START DATA UNDER STUDY

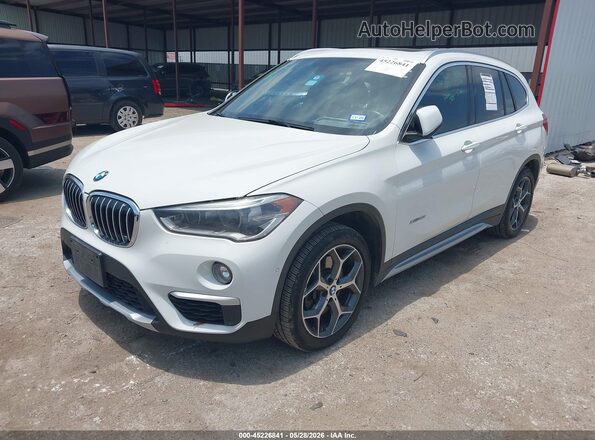 WBXHT3C30GP883524 2016 BMW X1 White Առջևի ձախ երեք քառորդ տեսարան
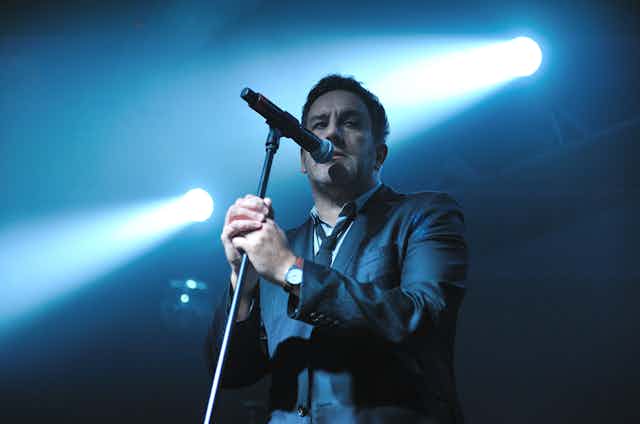 A man, Terry Hall of The Specials, standing in front of a mic on stage beneath a spotlight.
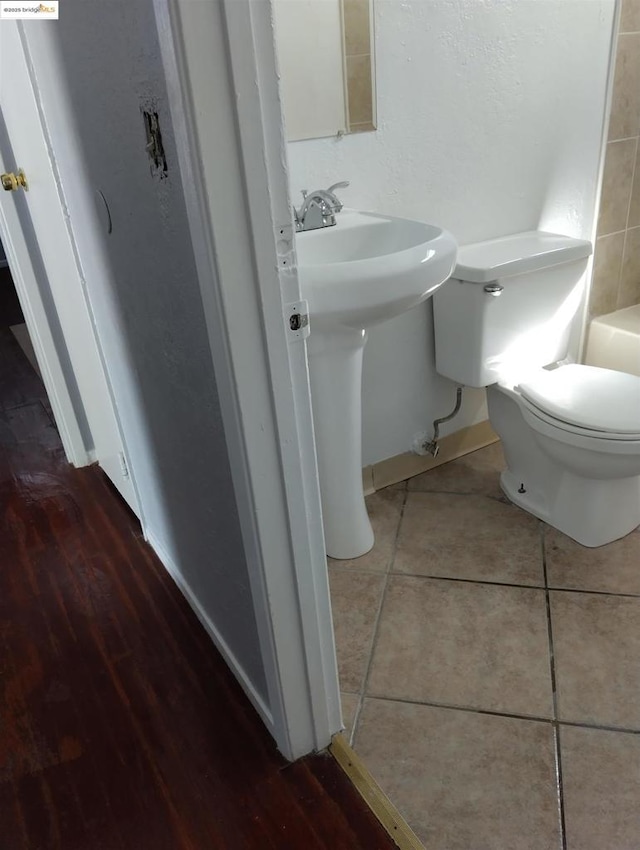 bathroom featuring tile patterned flooring, a bathtub, and toilet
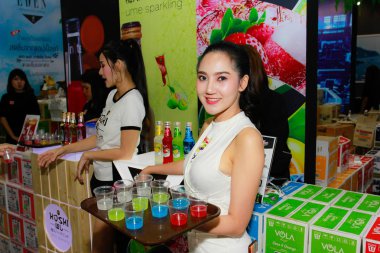 BANGKOK, THAILAND - JUNE 02, 2018: Unidentified female presenter pose in the THAIFEX - World of food asia 2018 on JUNE 02, 2018 in Bangkok, Thailand. clipart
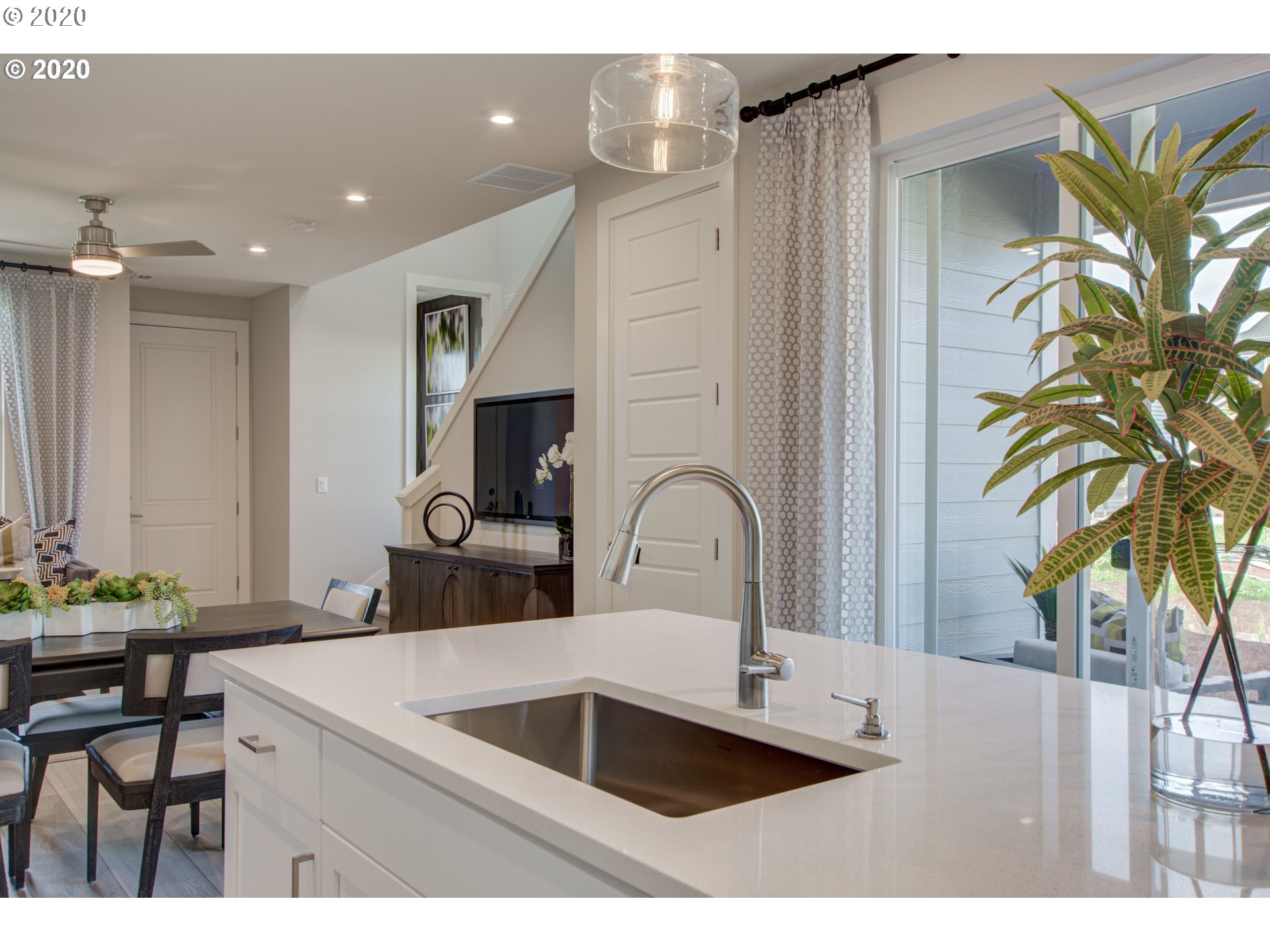 8247 Southeast Kinnaman Road Hillsboro, OR 97123 - Photo 8 of 26 a kitchen with a sink a counter space and a dining room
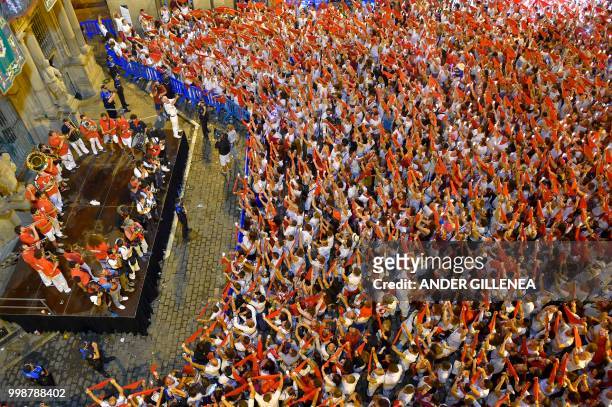 Revellers raise red scarves and candles as they sing the song 'Pobre de Mi', marking the end of the San Fermin festival in Pamplona, northern Spain...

END DATA UNDER STUDY

■ WORK INSTRUCTION ■
The answer consists of the lines from the one holding "A man, Terry" to the end of the records, inclusive, restated exactly and without pictures.

■ WRITTEN REPLY ■
 A man, Terry Hall of The Specials, standing in front of a mic on stage beneath a spotlight.
 bathroom featuring tile patterned flooring, a bathtub, and toilet
 BANGKOK, THAILAND - JUNE 02, 2018: Unidentified female presenter pose in the THAIFEX - World of food asia 2018 on JUNE 02, 2018 in Bangkok, Thailand. clipart
 8247 Southeast Kinnaman Road Hillsboro, OR 97123 - Photo 8 of 26 a kitchen with a sink a counter space and a dining room
 Revellers raise red scarves and candles as they sing the song 'Pobre de Mi', marking the end of the San Fermin festival in Pamplona, northern Spain...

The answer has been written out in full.